KathTheDragon wrote:
Frislander wrote:Really? You think that reconstruction's on firm enough ground to serve as an adequate counterexample?
While you may be utterly infatuated with the glottalic theory, it's diachronically simpler for at least the final phase of PIE to have in fact had breathy-voiced stops in at least some dialects.

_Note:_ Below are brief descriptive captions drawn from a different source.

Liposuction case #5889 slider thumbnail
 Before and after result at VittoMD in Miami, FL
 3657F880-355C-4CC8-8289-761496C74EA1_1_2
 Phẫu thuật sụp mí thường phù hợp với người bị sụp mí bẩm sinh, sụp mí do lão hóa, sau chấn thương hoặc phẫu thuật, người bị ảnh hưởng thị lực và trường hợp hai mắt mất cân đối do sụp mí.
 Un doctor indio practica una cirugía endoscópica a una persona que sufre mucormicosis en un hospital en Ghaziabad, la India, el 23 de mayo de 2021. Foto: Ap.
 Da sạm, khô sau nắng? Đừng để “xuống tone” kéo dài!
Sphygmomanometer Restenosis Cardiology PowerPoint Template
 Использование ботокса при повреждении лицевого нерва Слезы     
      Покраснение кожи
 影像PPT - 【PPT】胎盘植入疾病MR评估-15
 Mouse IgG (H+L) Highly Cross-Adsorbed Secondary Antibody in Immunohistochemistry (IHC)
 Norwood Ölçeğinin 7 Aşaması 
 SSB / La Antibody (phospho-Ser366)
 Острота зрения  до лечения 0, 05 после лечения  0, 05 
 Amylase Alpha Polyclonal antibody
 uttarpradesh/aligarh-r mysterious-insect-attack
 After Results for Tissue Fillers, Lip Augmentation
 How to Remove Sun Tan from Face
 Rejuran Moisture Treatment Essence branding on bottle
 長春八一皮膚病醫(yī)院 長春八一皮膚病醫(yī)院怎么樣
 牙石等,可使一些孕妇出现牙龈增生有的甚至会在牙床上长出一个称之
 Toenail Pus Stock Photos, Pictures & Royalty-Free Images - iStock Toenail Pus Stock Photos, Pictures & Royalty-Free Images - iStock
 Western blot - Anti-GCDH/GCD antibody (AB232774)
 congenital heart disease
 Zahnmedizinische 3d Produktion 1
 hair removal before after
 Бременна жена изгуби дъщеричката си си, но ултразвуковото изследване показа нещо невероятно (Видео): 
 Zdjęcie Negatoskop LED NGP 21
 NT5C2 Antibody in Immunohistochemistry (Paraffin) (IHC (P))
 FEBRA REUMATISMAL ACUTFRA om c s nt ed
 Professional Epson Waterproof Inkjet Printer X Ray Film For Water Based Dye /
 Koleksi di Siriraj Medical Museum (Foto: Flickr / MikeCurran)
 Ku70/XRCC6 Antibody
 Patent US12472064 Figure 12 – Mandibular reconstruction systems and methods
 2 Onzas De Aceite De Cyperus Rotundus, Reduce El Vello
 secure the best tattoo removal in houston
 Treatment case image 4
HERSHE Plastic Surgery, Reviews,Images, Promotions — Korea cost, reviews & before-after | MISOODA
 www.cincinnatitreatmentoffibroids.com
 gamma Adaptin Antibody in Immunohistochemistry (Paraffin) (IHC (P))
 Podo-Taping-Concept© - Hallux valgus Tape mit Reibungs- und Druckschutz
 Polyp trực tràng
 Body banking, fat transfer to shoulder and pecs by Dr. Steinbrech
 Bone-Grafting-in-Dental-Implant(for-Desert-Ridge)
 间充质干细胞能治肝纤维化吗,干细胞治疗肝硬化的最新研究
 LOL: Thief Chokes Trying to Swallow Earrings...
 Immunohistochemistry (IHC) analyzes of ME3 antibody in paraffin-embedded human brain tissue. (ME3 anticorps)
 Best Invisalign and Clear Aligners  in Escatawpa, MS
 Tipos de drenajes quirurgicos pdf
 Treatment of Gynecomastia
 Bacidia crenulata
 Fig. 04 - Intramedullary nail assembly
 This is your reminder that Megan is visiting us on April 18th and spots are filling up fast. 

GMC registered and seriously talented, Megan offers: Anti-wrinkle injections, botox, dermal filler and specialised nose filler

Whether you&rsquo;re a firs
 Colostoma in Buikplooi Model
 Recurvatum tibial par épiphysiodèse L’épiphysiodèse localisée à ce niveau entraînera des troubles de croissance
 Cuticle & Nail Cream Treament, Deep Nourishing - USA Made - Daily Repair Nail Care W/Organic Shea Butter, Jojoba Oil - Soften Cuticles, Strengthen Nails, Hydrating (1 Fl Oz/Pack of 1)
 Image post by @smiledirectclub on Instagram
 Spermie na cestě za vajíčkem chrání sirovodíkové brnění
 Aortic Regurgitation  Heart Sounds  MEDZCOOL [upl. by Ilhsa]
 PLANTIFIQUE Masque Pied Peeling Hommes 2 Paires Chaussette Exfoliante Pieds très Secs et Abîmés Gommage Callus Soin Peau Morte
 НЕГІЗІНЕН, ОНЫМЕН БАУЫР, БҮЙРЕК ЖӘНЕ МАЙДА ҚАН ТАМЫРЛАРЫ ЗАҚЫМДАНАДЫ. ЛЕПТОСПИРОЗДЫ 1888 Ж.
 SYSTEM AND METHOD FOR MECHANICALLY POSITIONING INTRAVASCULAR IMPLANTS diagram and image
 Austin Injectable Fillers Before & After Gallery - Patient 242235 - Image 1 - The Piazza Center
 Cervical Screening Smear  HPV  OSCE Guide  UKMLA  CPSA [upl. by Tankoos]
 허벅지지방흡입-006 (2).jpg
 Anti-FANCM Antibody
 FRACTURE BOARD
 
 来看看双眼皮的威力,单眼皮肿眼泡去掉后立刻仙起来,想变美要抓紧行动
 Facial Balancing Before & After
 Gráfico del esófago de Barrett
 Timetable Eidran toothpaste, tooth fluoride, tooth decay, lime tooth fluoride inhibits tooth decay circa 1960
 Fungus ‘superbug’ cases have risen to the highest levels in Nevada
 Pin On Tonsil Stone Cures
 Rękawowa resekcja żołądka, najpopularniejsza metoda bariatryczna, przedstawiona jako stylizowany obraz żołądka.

Almost all of the specific claims in favour of glottalised stops of some variety can be refuted, so there really is no issue with this reconstruction.
Surprisingly enough I'm not infatuated by the glottalic theory, in fact I would probably prefer a reconstruction which has neither breathy stops nor glottalics quite frankly. Are you really so caught up in your ruts that you think that those are the only two possibilities? However given the choice I would prefer the glottalic theory given that the evidence for the "voiced" stops having that quality comes from multiple different branches of the family and more general reconstructed phonotactic constraints, while the evidence for breathy voiced stops is just that Indo-Aryan has them and some dialects of Armenian. I'm not dogmatically gonna say that's the only reconstruction I will take though because it is entirely possible that someone else might hit on a much better reconstruction which requires neither of these two series.